___ DATA RECORDS
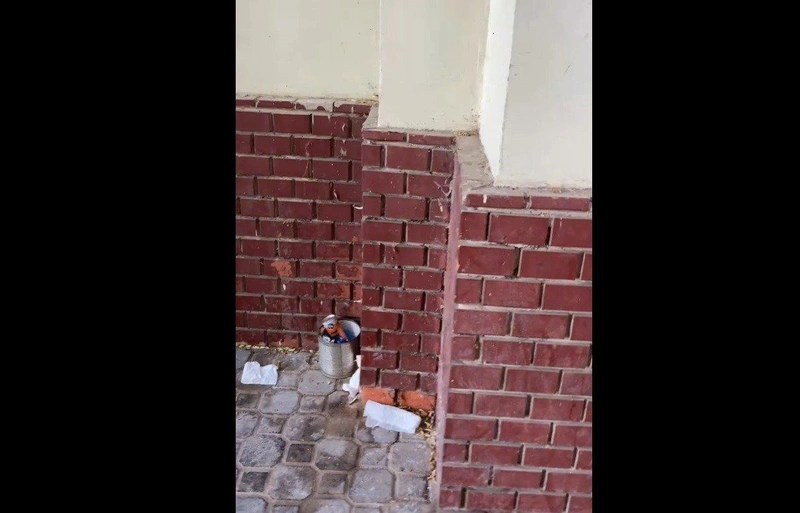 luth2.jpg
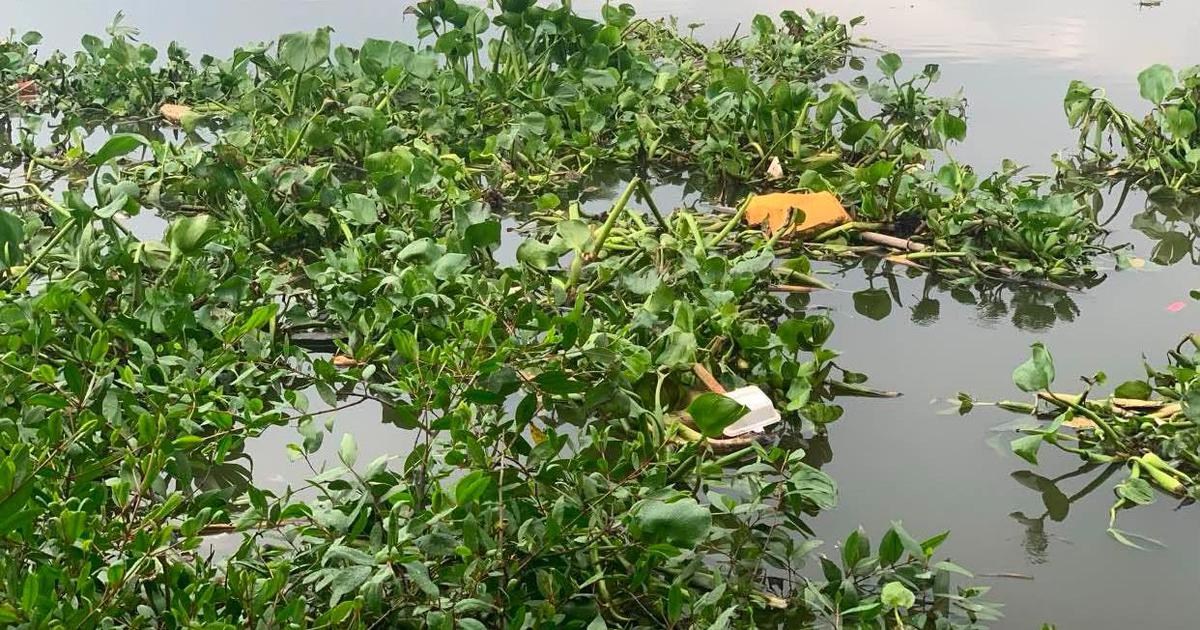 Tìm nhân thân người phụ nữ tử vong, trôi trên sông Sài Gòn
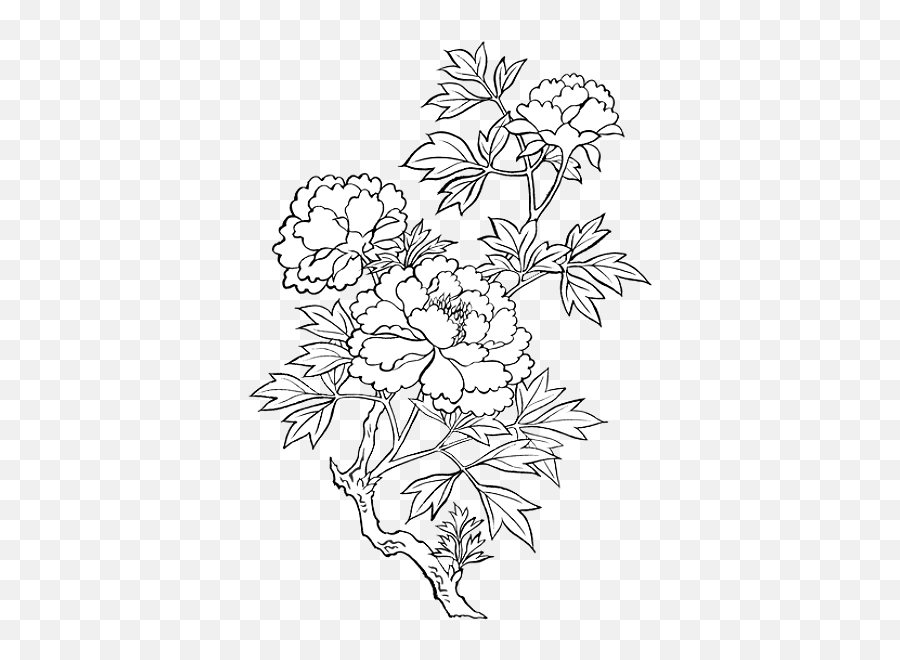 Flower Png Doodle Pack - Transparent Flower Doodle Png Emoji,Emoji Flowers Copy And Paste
______
___ DATA RECORDS
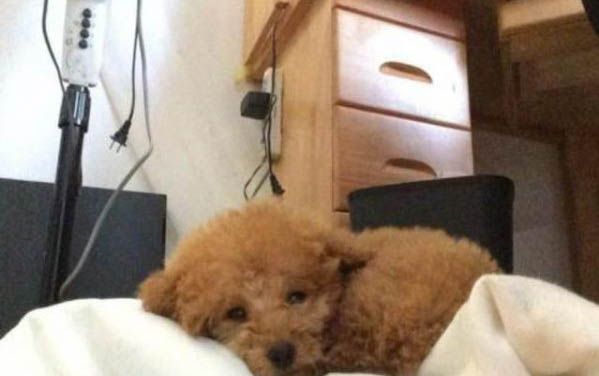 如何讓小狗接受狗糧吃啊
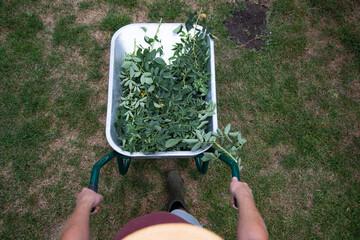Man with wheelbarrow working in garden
______
With pictures omitted, repeat the entries above word for word from the line holding "如何讓小狗接受狗糧吃啊" down to the line holding "Man with wheelbarrow working in garden", keeping both of those lines.

▸ RESULT OF THIS EXERCISE
 如何讓小狗接受狗糧吃啊
Man with wheelbarrow working in garden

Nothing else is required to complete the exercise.